Does it bother you too? 

My perspective and answer to these questions focuses on:

  • to the changes in the needs of each person through the formation of character from life experiences over the years 

& 

  • in the inability of several people to see through the other's eyes and to try to essentially understand their own interpretation - point of view or otherwise in the lack of empathy. 

More specifically…

as humans we are constantly evolving beings that the various experiences of life and the reconciliation with different people over the years make us, even unconsciously at first, identify elements in our character that we like and want to keep but mainly elements that we want to change, that make us feel that something is wrong and that we need to go one step further to become a better version of ourselves. Many times it even happens that we do not like ourselves to project it as a negative element of others.

For example:

When we believe that someone might cheat on us, this phobia may come from an inner fear of our own tendency toward a corresponding behavior. Because we don't want to accept it for ourselves, we reject that it exists in us and judge it by claiming that it is in one of the important people in our life. 

Furthermore, our needs are formed from the first day of our contact with the world, and since then the way our brains are created and the way we are brought up and then involved in social relationships determine our characteristics and the degree to which we develop defenses to meaningful contact with both ourselves and others.

Our needs, like ourselves as wholes, are constantly changing in the game of life.

Thus, it is next and reasonable that, in a major or minor transitional phase, either our needs change or the way in which we want the same needs to be met in order to be happy. Therefore, it is reasonable that as we change and modify either less or more that the people around us also change or remain stagnant. Both in one and the other case it is possible to have a mismatch of needs and wants. Thus, the connection and communication that existed with each person that we considered important in our lives is lost. 

Now you might be wondering…

People will always come and go from our lives

Because we will change?

Will there be no stability?

Will we always be in fear that at some point a relationship, whether friendly, work or romantic, will not cover us?

Adaptability & Versatility

Here, of course, we will include the factor of adaptability and adaptability that also characterizes us as human beings. What does this mean; Changes are logical and normal to happen but the way we manage them is what makes the difference. This ability to properly manage the changes that take place in our lives differs significantly from person to person and even within the same person depending on the situation he is called upon to face each time. 

And this is exactly where the weakness comes in!

As mentioned above, it governs certain people who find it difficult to see a situation, an opinion, an event through the eyes of another. They struggle, empathically, to understand a different way of seeing. This does not mean that a different perspective should be accepted, but the process of trying to interpret the behavior and its source, rather than simply resorting to the easy solution of 'I don't understand you, I'm leaving'.

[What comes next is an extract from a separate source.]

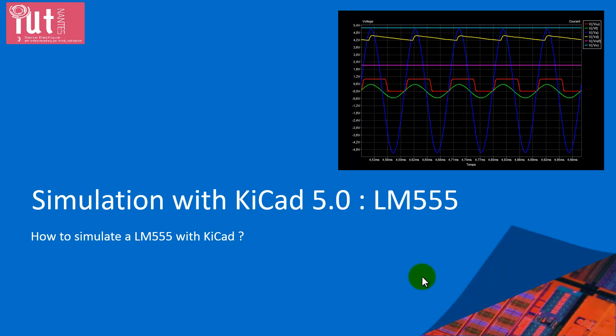Hi, in this video you will discover how to simulate with KiCad 5.0. For this first simulation project, I choose the LM555, which is a programmable timer.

It is remarkable that we try to put ourselves in the shoes of the other and judge how it is possible for a relationship to ferment in order to try to survive it. 

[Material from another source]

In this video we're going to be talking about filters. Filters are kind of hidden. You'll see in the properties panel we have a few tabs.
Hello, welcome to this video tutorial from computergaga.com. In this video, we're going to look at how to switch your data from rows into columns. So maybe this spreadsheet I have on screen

As you understand, it is logical and inevitable that there will be disagreements. To get to the point of not understanding each other, not being able to be in each other's presence. We don't have to blame ourselves for that. It is not easy for everyone to connect with everyone or to connect equally well with the same people for a lifetime. At the same time, however, it is important to start the process of listening to both our own needs and the needs of others. To put aside the blinders and adopt the eyes and ears of the other to interpret thoughts and behaviors.

That is, to deal with every situation and every person with empathy.

 When we realize that something is suffocating us, we don't like something about ourselves:

  • from the way we operate

  • where we face situations and people

  • and especially ourselves in human relationships...

WE SPEAK!

It is good to talk about it, to share these concerns with people who we believe can truly listen to us, without judgment, or even to seek the help of a specialist professional psychologist. 

The next time you wonder some of the above, think:

  • What is it that really bothers you about others/yourself?
  • What do you feel needs to change?

Then try to find a way to be honest with yourself.

Because only in this way will you find purity in everything around you.